Supplied records -
----------

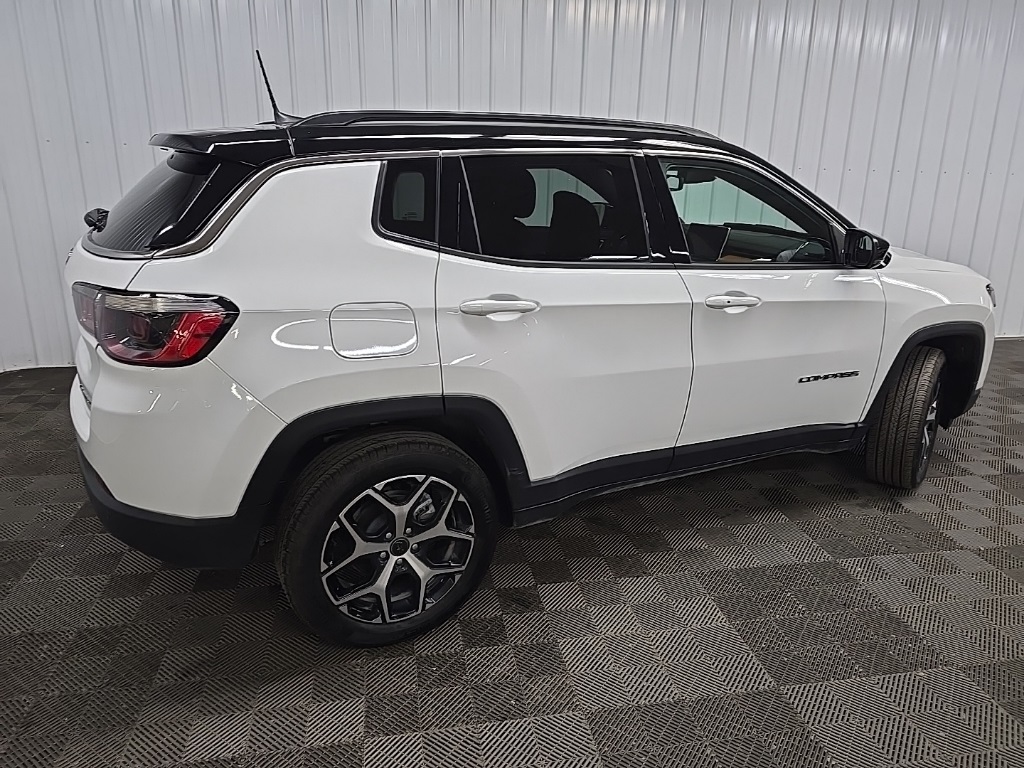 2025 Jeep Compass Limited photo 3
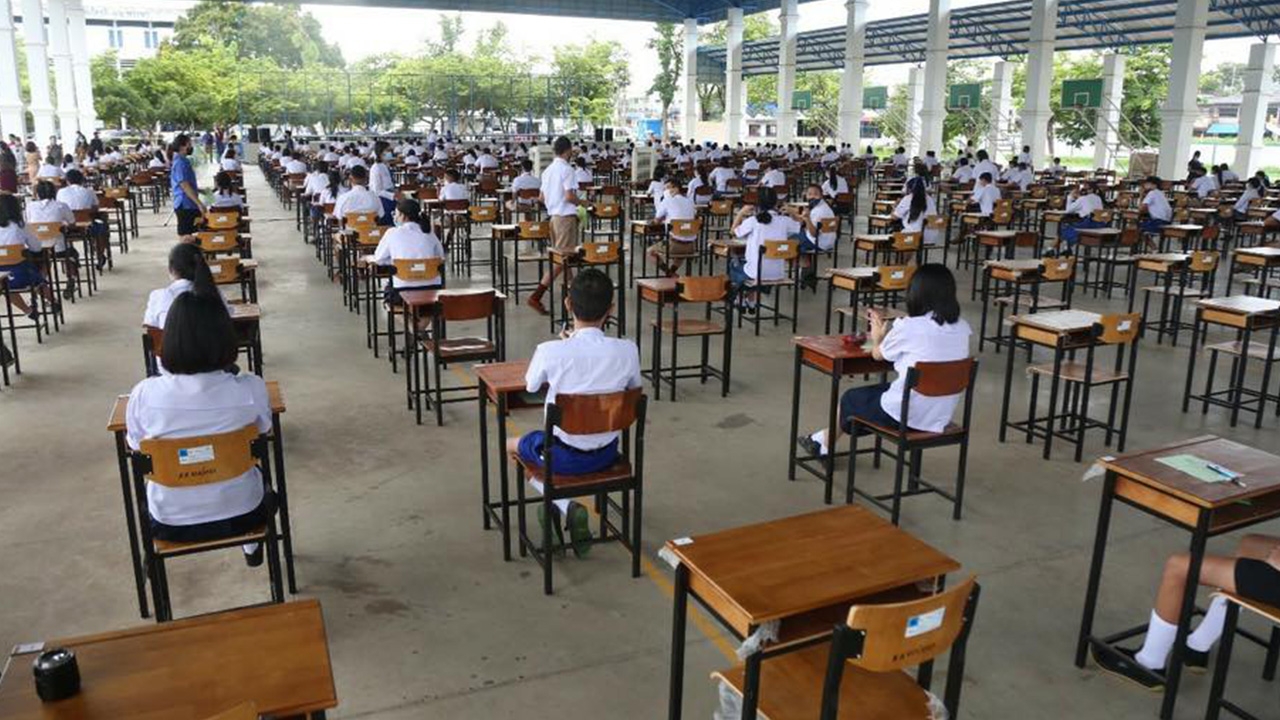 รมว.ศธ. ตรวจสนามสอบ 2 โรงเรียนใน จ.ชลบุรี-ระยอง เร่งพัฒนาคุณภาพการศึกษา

----------

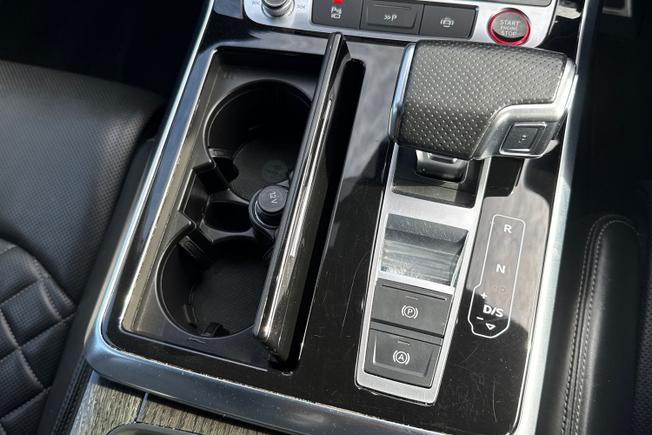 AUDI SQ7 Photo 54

----------

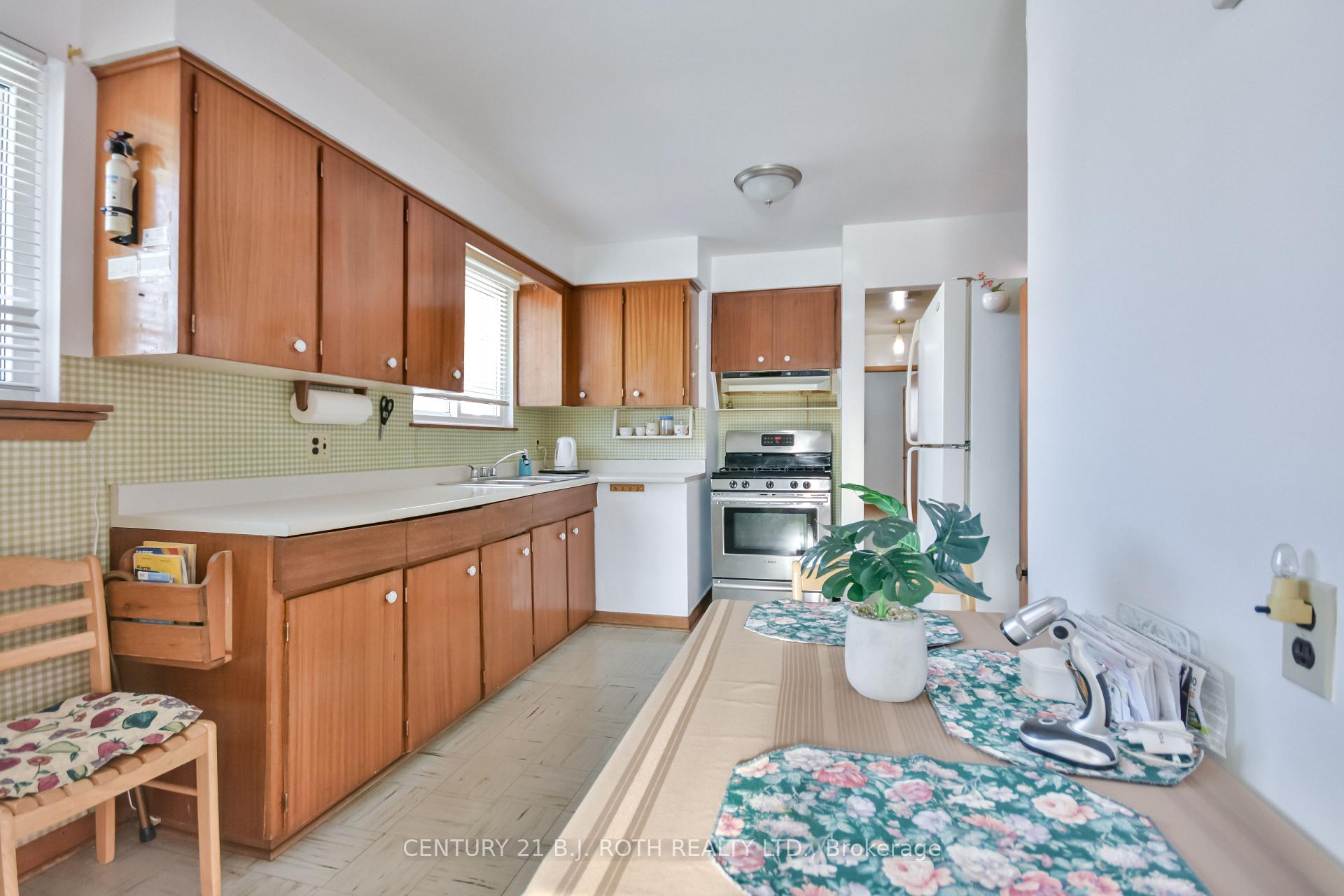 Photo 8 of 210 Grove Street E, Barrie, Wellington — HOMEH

----------

Problem to work on -
Pictures do not belong in the answer. Return the lines above starting at the one with "2025 Jeep Compass Limited photo 3" and ending at the one with "รมว.ศธ. ตรวจสนามสอบ 2", both kept, exactly.

Solution to the problem -
 2025 Jeep Compass Limited photo 3
 รมว.ศธ. ตรวจสนามสอบ 2 โรงเรียนใน จ.ชลบุรี-ระยอง เร่งพัฒนาคุณภาพการศึกษา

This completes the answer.